Readers familiar with later developments in 20th-century literature will hear a premonition in these words of writers as diverse as Wole Soyinka, Gabriel García Márquez, Toni Morrison, Seamus Heaney, and Derek Walcott, all of whom sought to preserve some form of folk orature in their literary works against an encroaching capitalist metropolitan modernity. There are dangers in this theory—when it shades into Romantic nationalism or even fascist primitivism—and I myself don’t believe in “folk art” or “folk imagination” but simply art and imagination, which may be found anywhere. Nevertheless, the point about great literature requiring a lively social language, not one determined by elites or by the petrified consensus of mass media, is probably truer than we want to admit in our time of a hopelessly mannered MFA literary culture cut off from the profligate coinages of the digital wilderness.

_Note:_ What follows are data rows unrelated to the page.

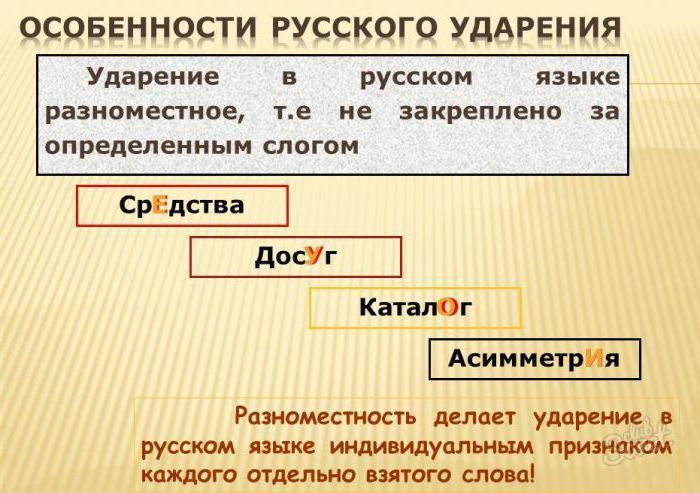 Куда ставится ударение в слове понятный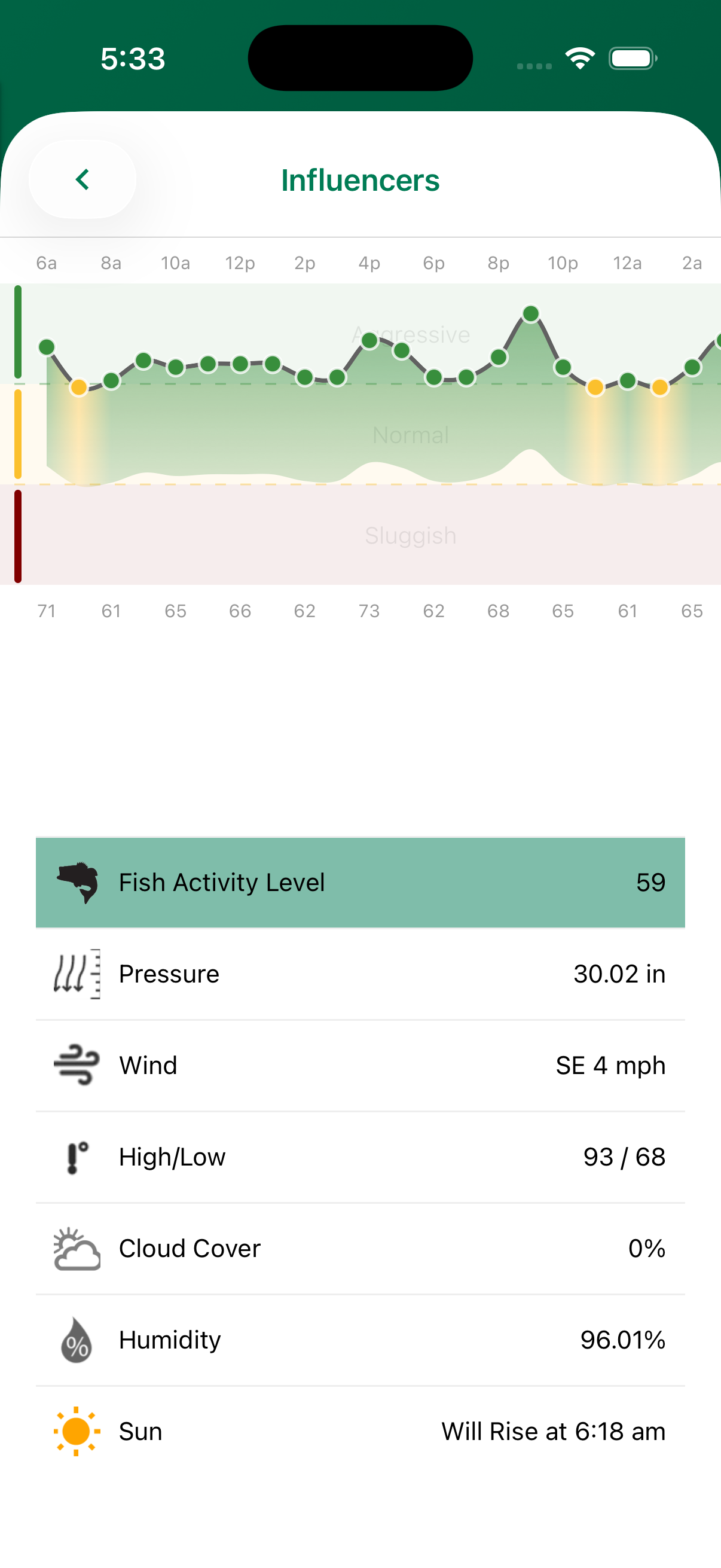Jimmy Houston Bass Fishing app showing solunar timing and biometric pattern insights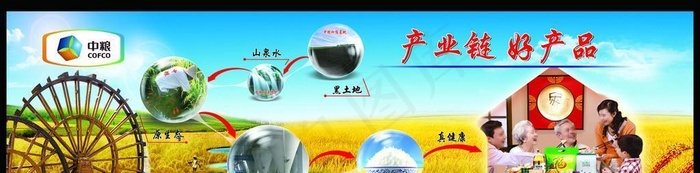 中粮产业链图片(10403x3402)psd模版下载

Here is a taste of Synge’s dramatic language, from a toast proposed about midway through The Playboy:
Drink a health to the wonders of the western world, the pirates, preachers, poteen-makers, with the jobbing jockies; parching peelers, and the juries fill their stomachs selling judgments of the English law.
Not all of these wonders appear in the play (“poteen-makers” are those who distill alcohol illicitly; “peelers” are the oppressive Royal Irish Constabulary, founded by Robert Peel), but they form its backdrop. Synge labeled the play a “comedy,” but it’s perhaps more properly seen as what the late Harold Bloom would call a “tragic farce.” It observes the Aristotelian unities of time, place, and action, set in a shebeen in County Mayo over the course of less than 48 hours.
Into this shebeen—whose owner’s daughter, Pegeen, is shortly to marry a pious milquetoast named Shawn Keogh—enters Christy Mahon, a young wanderer bearing a tale of how he murdered his father with a spade in an outdoor dispute. This feat of masculine prowess quickly wins him the affection of Pegeen and of all the other women in the neighborhood and, coupled with his sporting talents, makes him the toast of the countryside. For his part, Christy only has eyes for Pegeen, despite her own reputation as a sharp-tongued and brawling barkeep. While Shawn Keogh schemes to keep Christy from his betrothed, along with the Widow Quin, who wants the handsome parricide for herself, Christy’s supposedly dead father comes around seeking vengeance on his son for the painful (but non-fatal) clout delivered to his head.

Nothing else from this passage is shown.